I don’t believe that condemning the film for being “too soon” is fair. Determining whether something is “too soon” or not is a question for individuals, not the community at large.
I don’t believe that the fog lingering around the circumstances of that doomed flight’s destruction should preclude dramatists from choosing one theory and depicting that, even if their interpretations might not be completely accurate. Art should not be mistaken for journalism, nor should it be judged using the same criteria.
I don’t believe that movies, even summer movies, must be escapist entertainment. Limiting so powerful a medium to such a narrow purpose would be a tragedy.
I don’t believe that making a movie about September 11 is necessarily exploitative. Art — high and low — helps us understand and cope with tragedy, and by all accounts, writer-director Paul Greengrass approached his subject with sensitivity and respect.
I’ve heard nothing but good things about United 93, but I desperately don’t want to see it, and I don’t think I will, at least not in theaters. My resistance is raw and visceral. I’ve been known to force myself to watch certain movies out of a sense of obligation or pride, but in this case, I can’t even muster the resolve to do that.
Why not?

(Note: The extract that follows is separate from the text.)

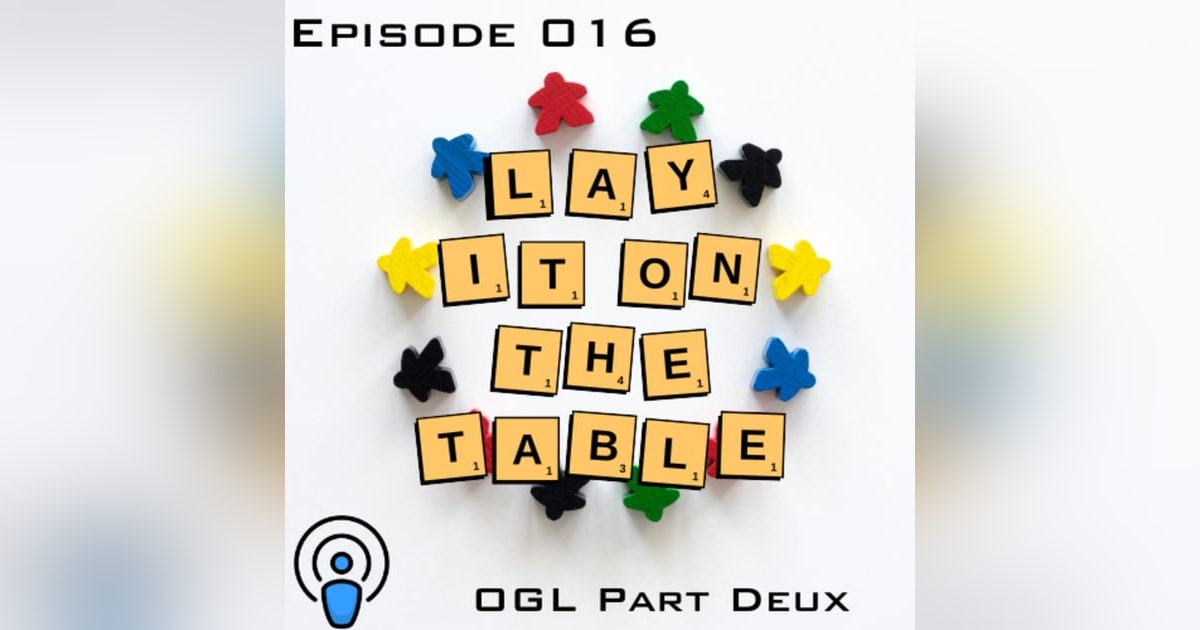OGL Part Deux | Geek & Southern | Lay It On The Table, Episode 016 OGL Part Deux | Geek & Southern | Lay It On The Table, Episode 016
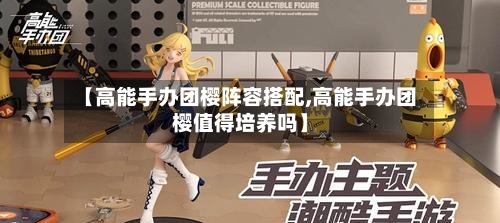 【高能手办团樱阵容搭配,高能手办团樱值得培养吗】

In a strange way, I guess I don’t see the point. Everyone comments on how documentary-like Greengrass’ movie is. The filmmakers scrupulously refrained from editorializing or even providing much in the way of context as that, too, would be a subjective frame. I understand that choice — even the most benign of artistic decisions would have been perceived as alienatingly political — but if the movie isn’t going to challenge me, teach me anything, or offer me a new perspective, what am I going to get out of it? I don’t need to be reminded of what happened that day. I remember it, I’ve read about it, and I’ve seen what’s happened since then.
I don’t want to relive that day as it happened — shocked, confused and overwhelmed. Shouldn’t time give us greater wisdom? Not a complete understanding, of course, but some sort of insight, something to indicate that we know more today than we did nearly five years ago.